## Task brief
In the records that follow, find the line containing "Facebook Screenshot" and the line containing "s Stainless Steel Blue Dial watch.", then transcribe both and every line between them exactly, omitting pictures.

[Crawled caption data]
--

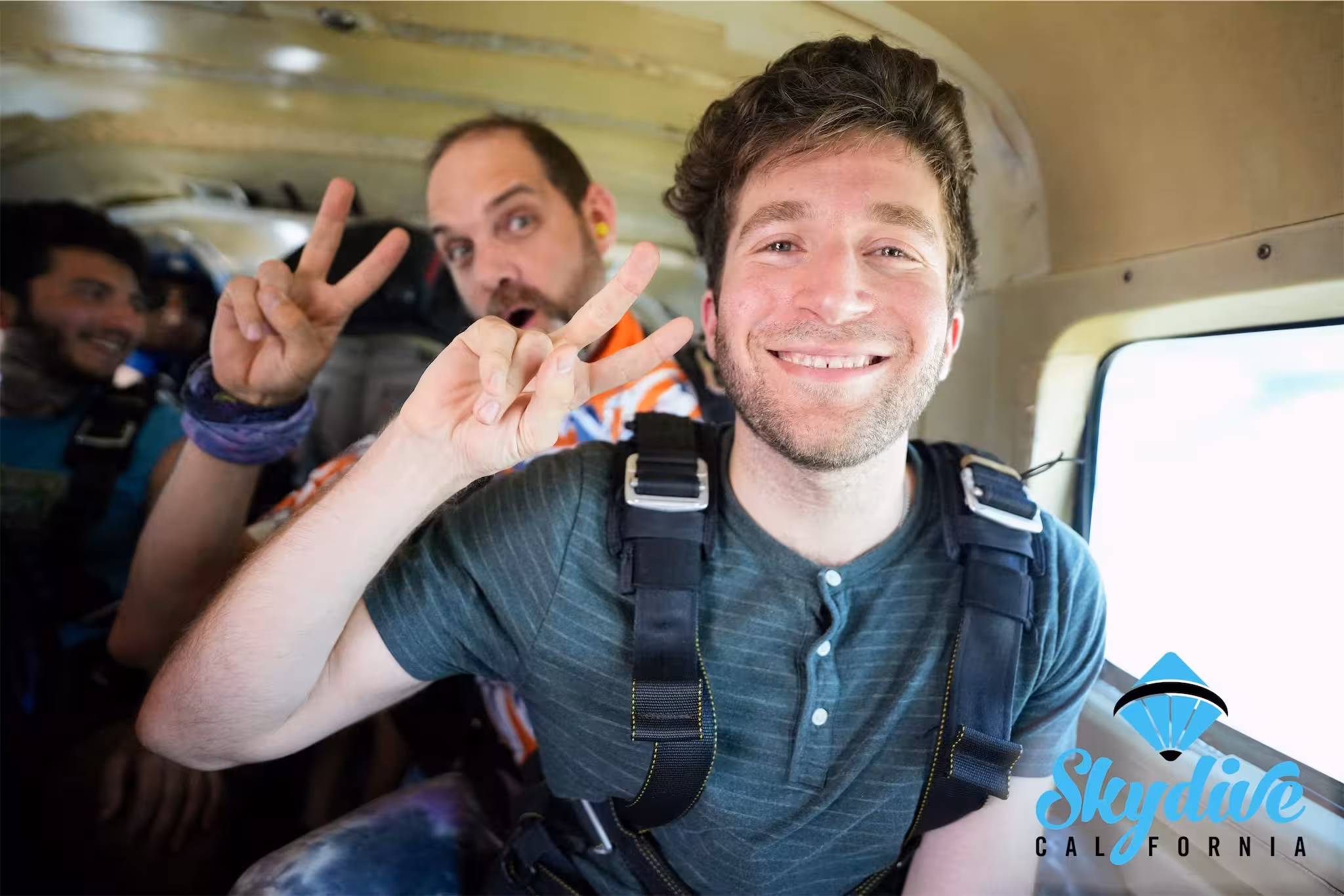 TurnTrout, wearing a skydiving harness inside a small plane, smiles and makes a peace sign at the camera. Another man behind him makes a funny face and also flashes a peace sign.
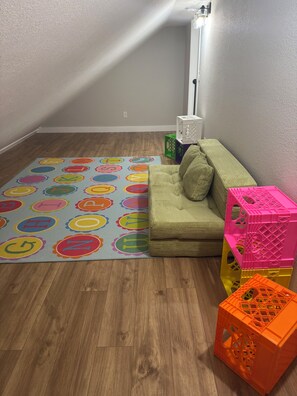 Et værelse med trægulv, en farverig legemåtte med bogstaver, en grøn sofa med puder og stablende plastikbokse i pink og orange.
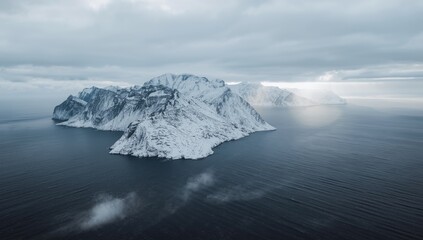Senja panoramic aerial view of snowy mountains along the coast in winter, Norway, natural landscape preservation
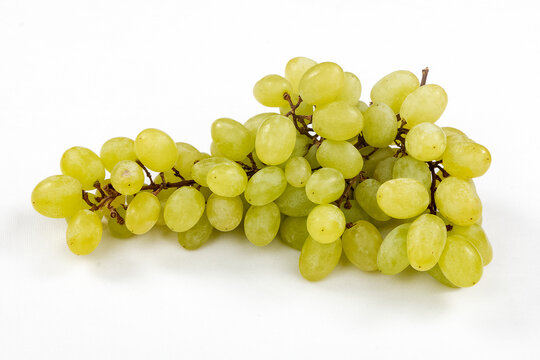 Fresh green organic bunch of grapes isolated on white background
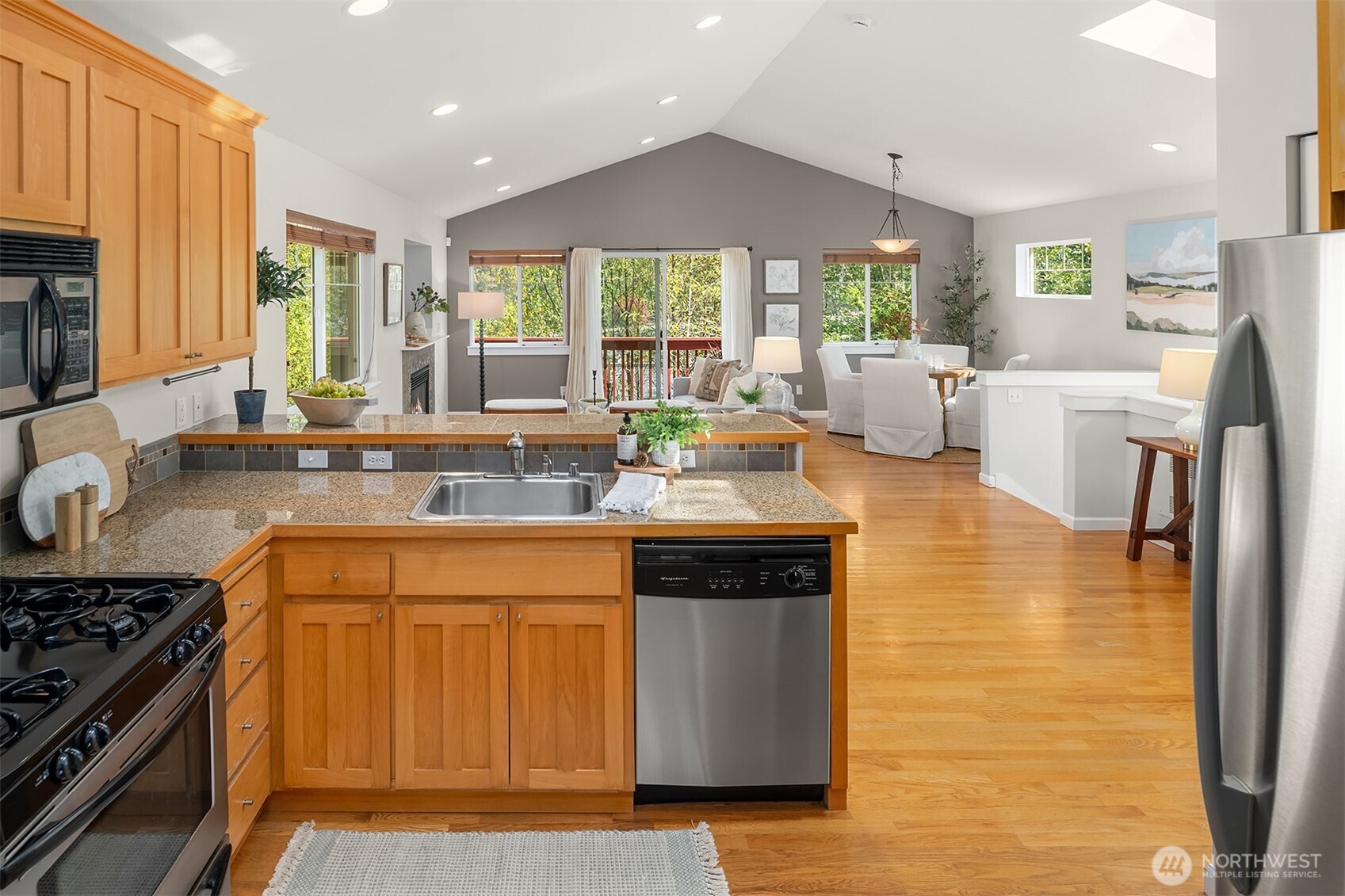 2452 Southwest Webster Street Seattle, WA 98106 - Photo 9 of 28 a kitchen with stainless steel appliances granite countertop a sink stove and refrigerator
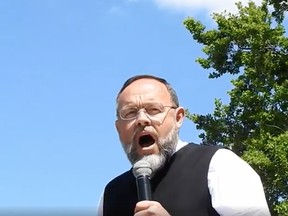 Henry Hildebrandt, the pastor of Aylmer's Church of God, was one of the speakers Sunday at an anti-lockdown rally in Woodstock's Museum Square.
Facebook Screenshot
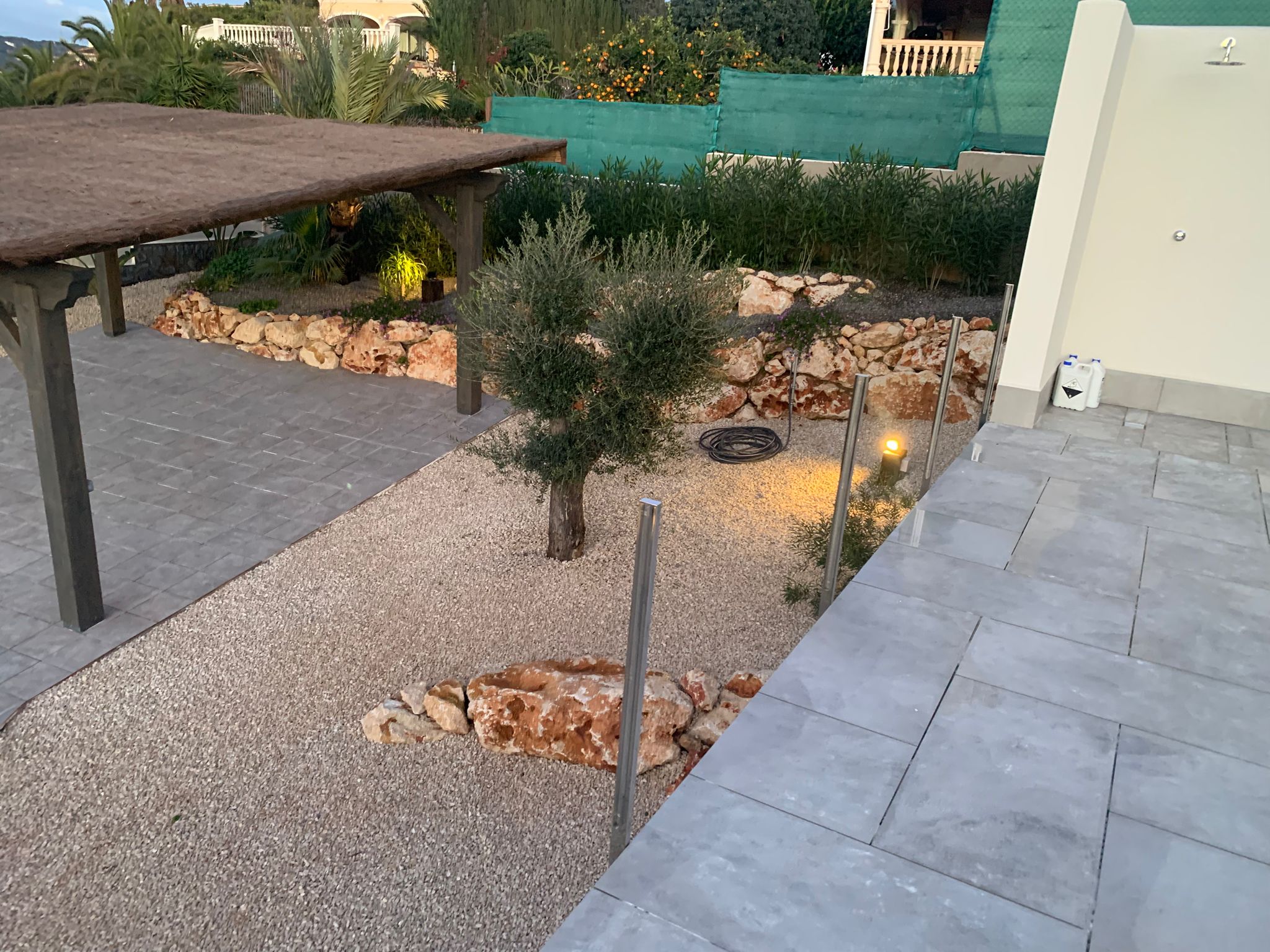 Mediterraner Garten mit Kiesfläche, Olivenbaum, Natursteinbegrenzung, einer Reetdach-Pergola und grauen Steinterrassenfliesen mit Außendusche.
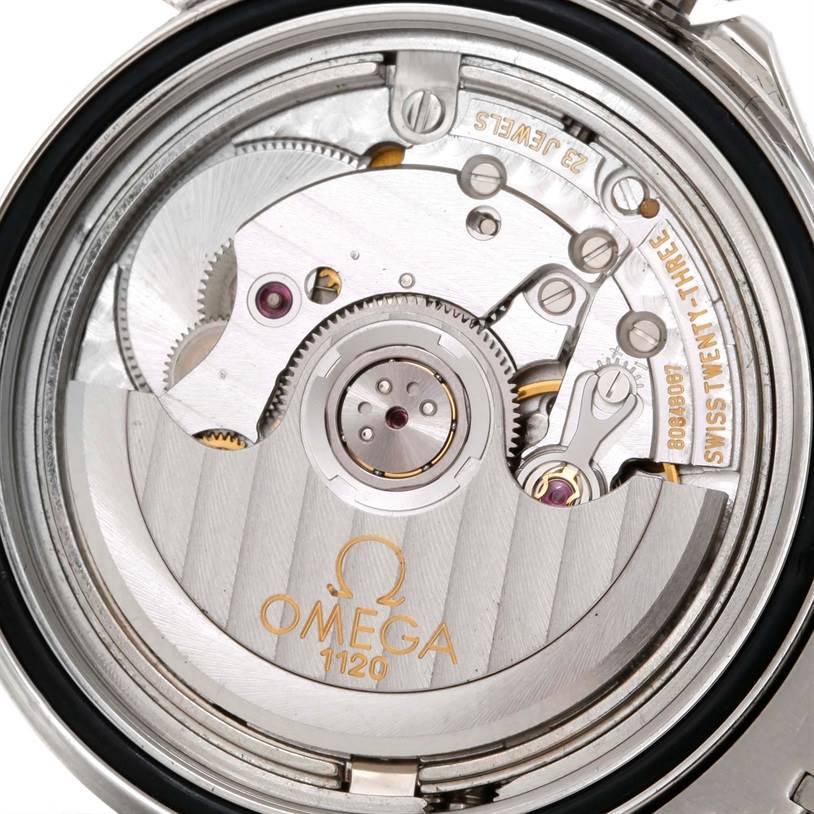The image shows a close-up of the movement and internal mechanism of an Omega Seamaster 2551.80.00 Men
s Stainless Steel Blue Dial 2551.80.00 Men
s Stainless Steel Blue Dial watch.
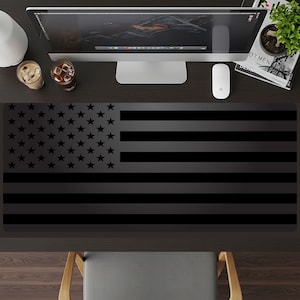 May include: A rectangular desk mat featuring a monochromatic black and dark gray American flag design. The mat displays a field of stars on the left side and horizontal stripes extending across the remainder of the surface in a subtle, low-contrast style.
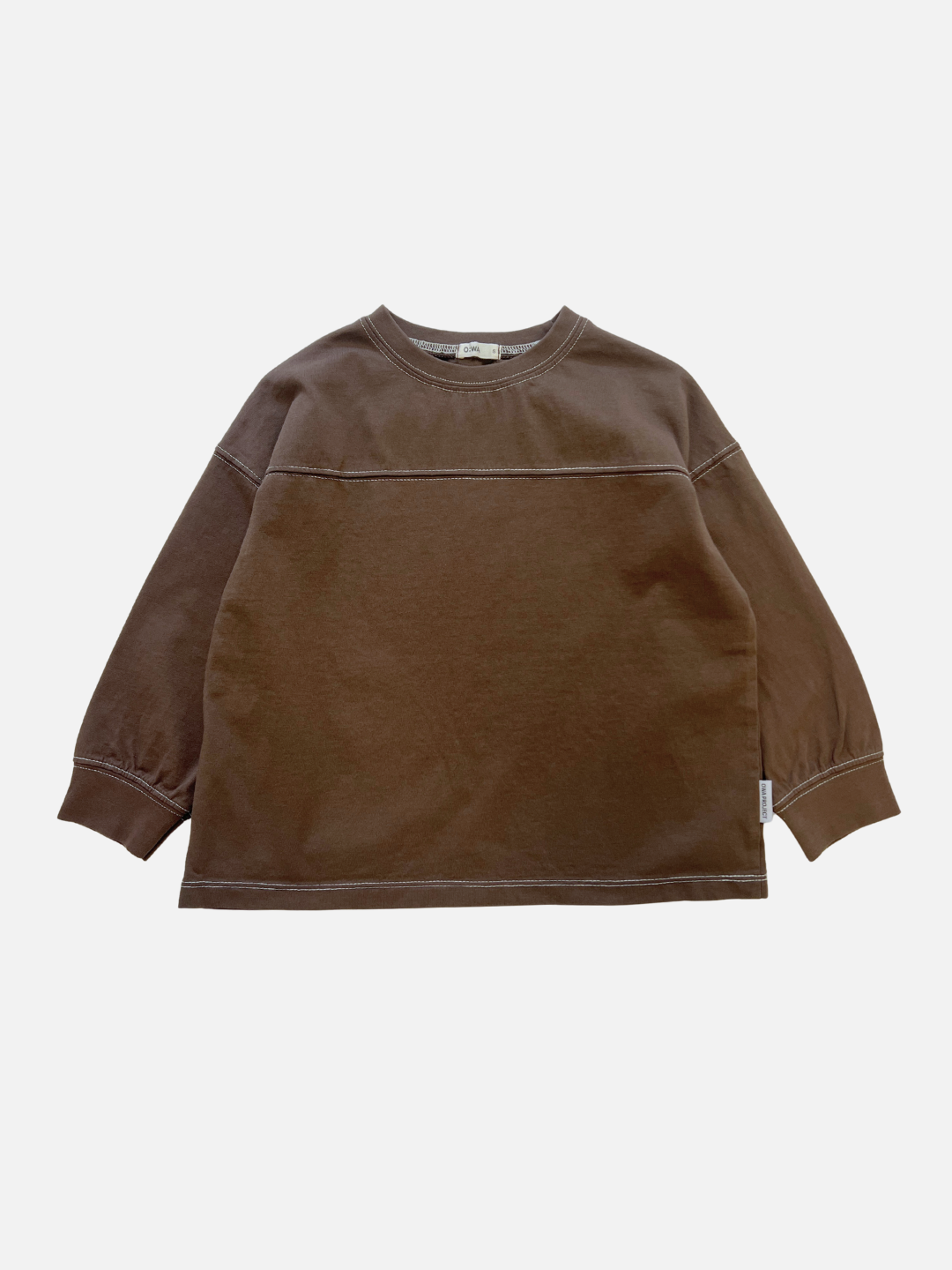 Brown | The BASIC STITCH TEE in brown is a long-sleeve crewneck with a horizontal chest seam and white stitching, displayed flat on a white background.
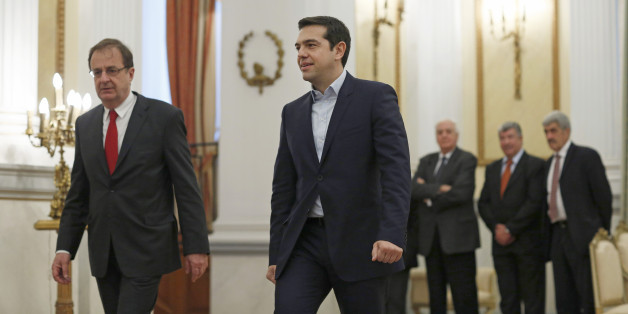 Alexis Tsipras, Greek Prime Minister-elect, center, arrives at the presidential palace to be sworn in as prime minister in Athens, Greece, on Monday, Jan. 26, 2015. The Independent Greeks party will support Syriza in a vote of confidence in Parliament slated for Feb. 5, Independent Greeks Party Leader Panos Kammenos told reporters after meeting with Tsipras. Photographer: Kostas Tsironis/Blooomberg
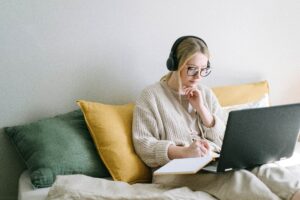 person sitting in bed with a laptop computer, writing in a notebook, and wearing glasses and headphones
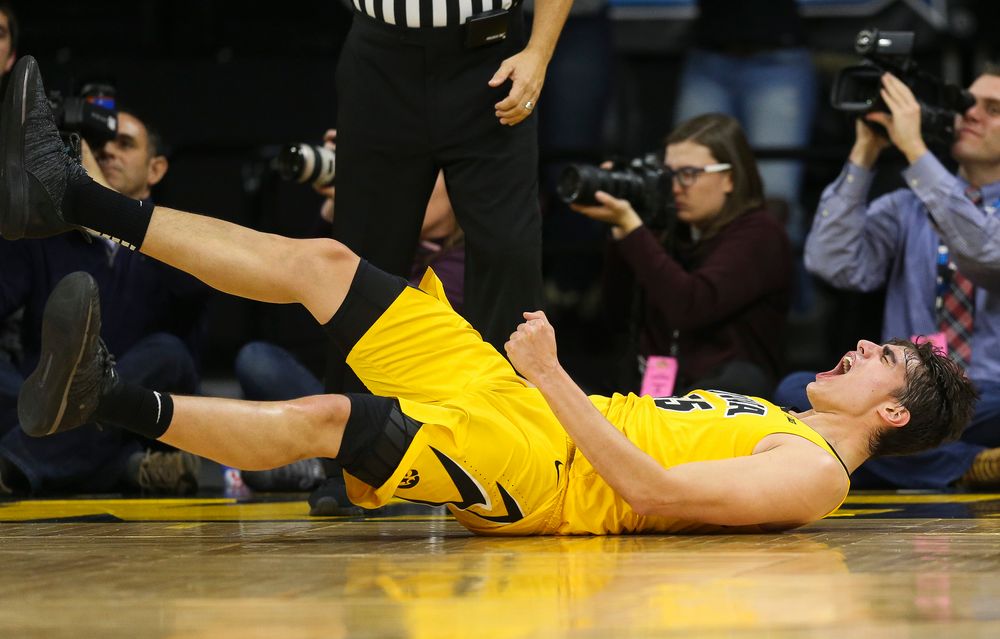 Iowa Hawkeyes forward Luka Garza (55) reacts after making a basket while being fouled against Wisconsin on November 30, 2018 at Carver-Hawkeye Arena. (Tork Mason/hawkeyesports.com)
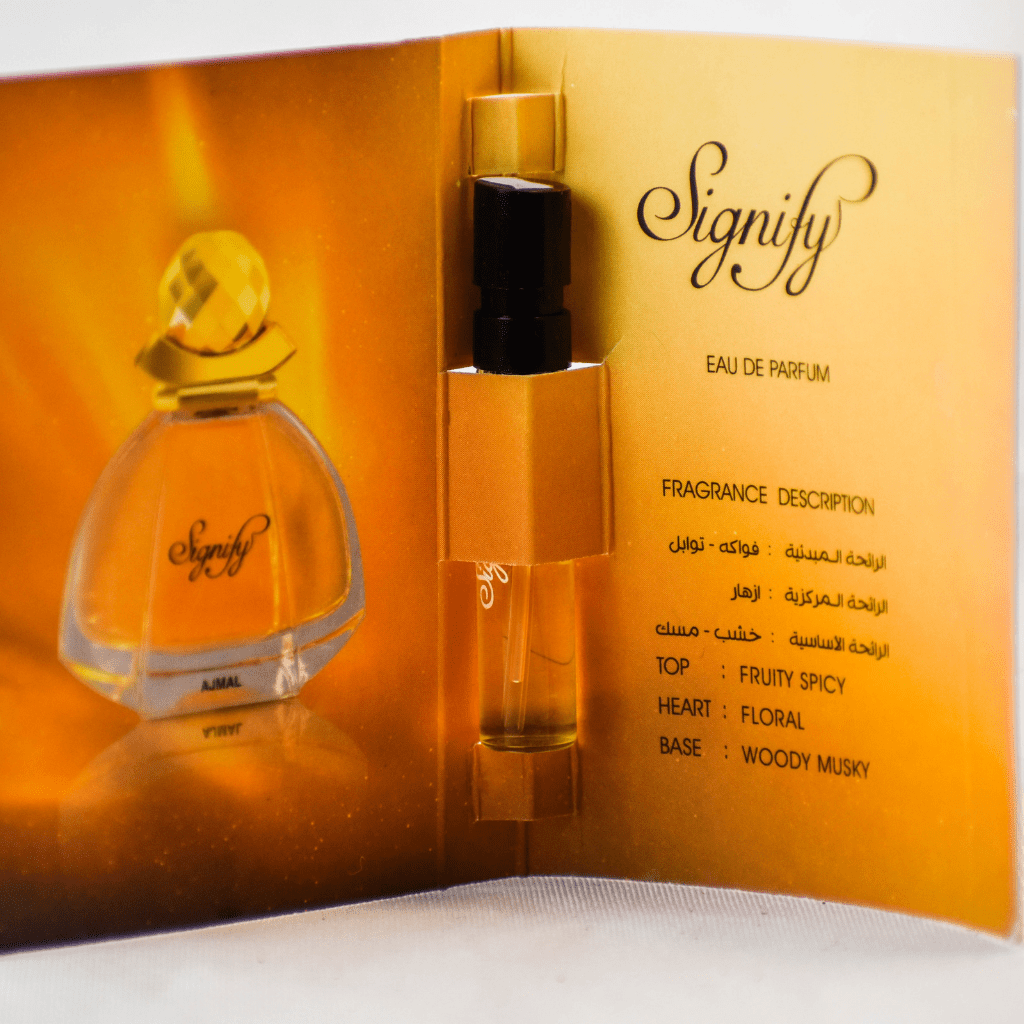 Ajmal Signify EDP sample for women in a 1ml vial with label, showcasing the fragrance sample packaging.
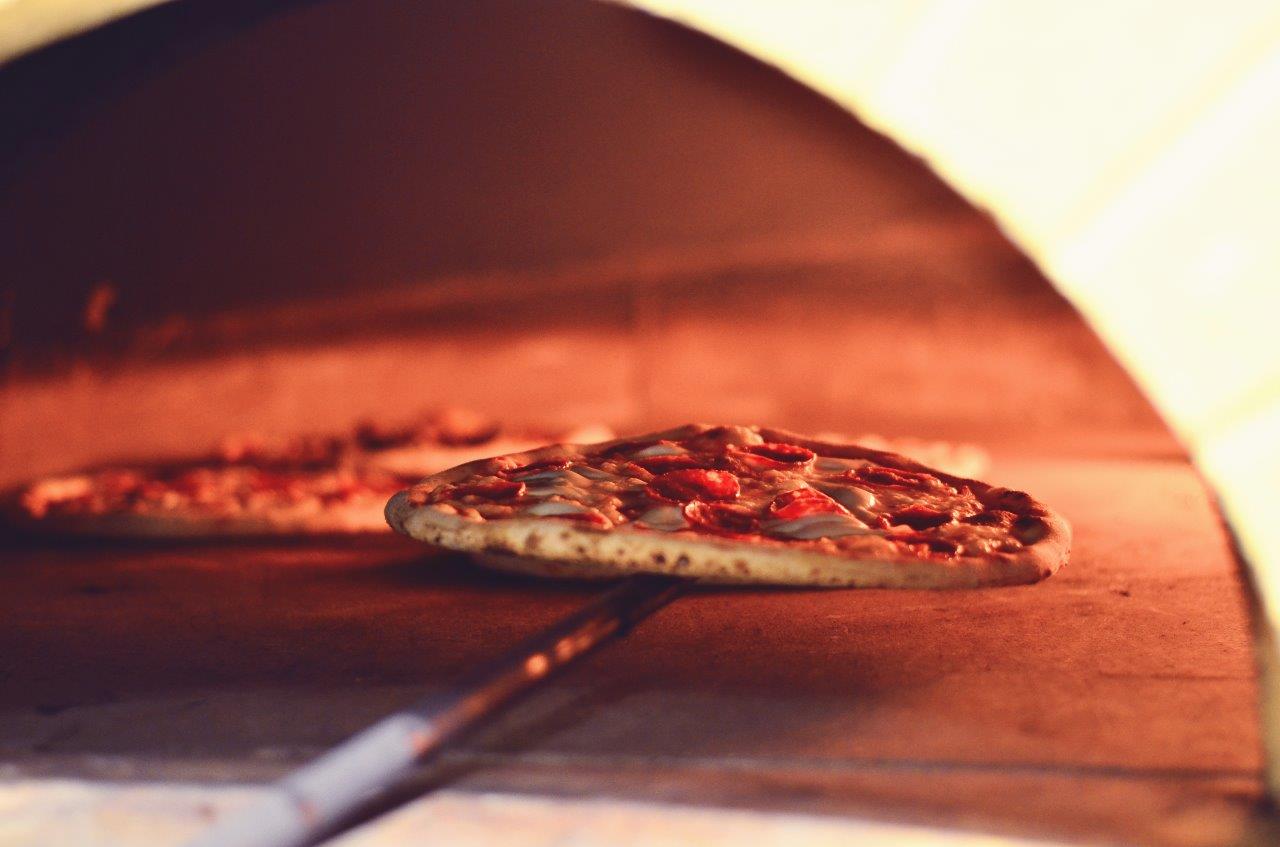 Due pizze cotte in un forno a legna caldo; una viene girata con una lunga pala.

--

## Task response
Facebook Screenshot
 Mediterraner Garten mit Kiesfläche, Olivenbaum, Natursteinbegrenzung, einer Reetdach-Pergola und grauen Steinterrassenfliesen mit Außendusche.
The image shows a close-up of the movement and internal mechanism of an Omega Seamaster 2551.80.00 Men
s Stainless Steel Blue Dial 2551.80.00 Men
s Stainless Steel Blue Dial watch.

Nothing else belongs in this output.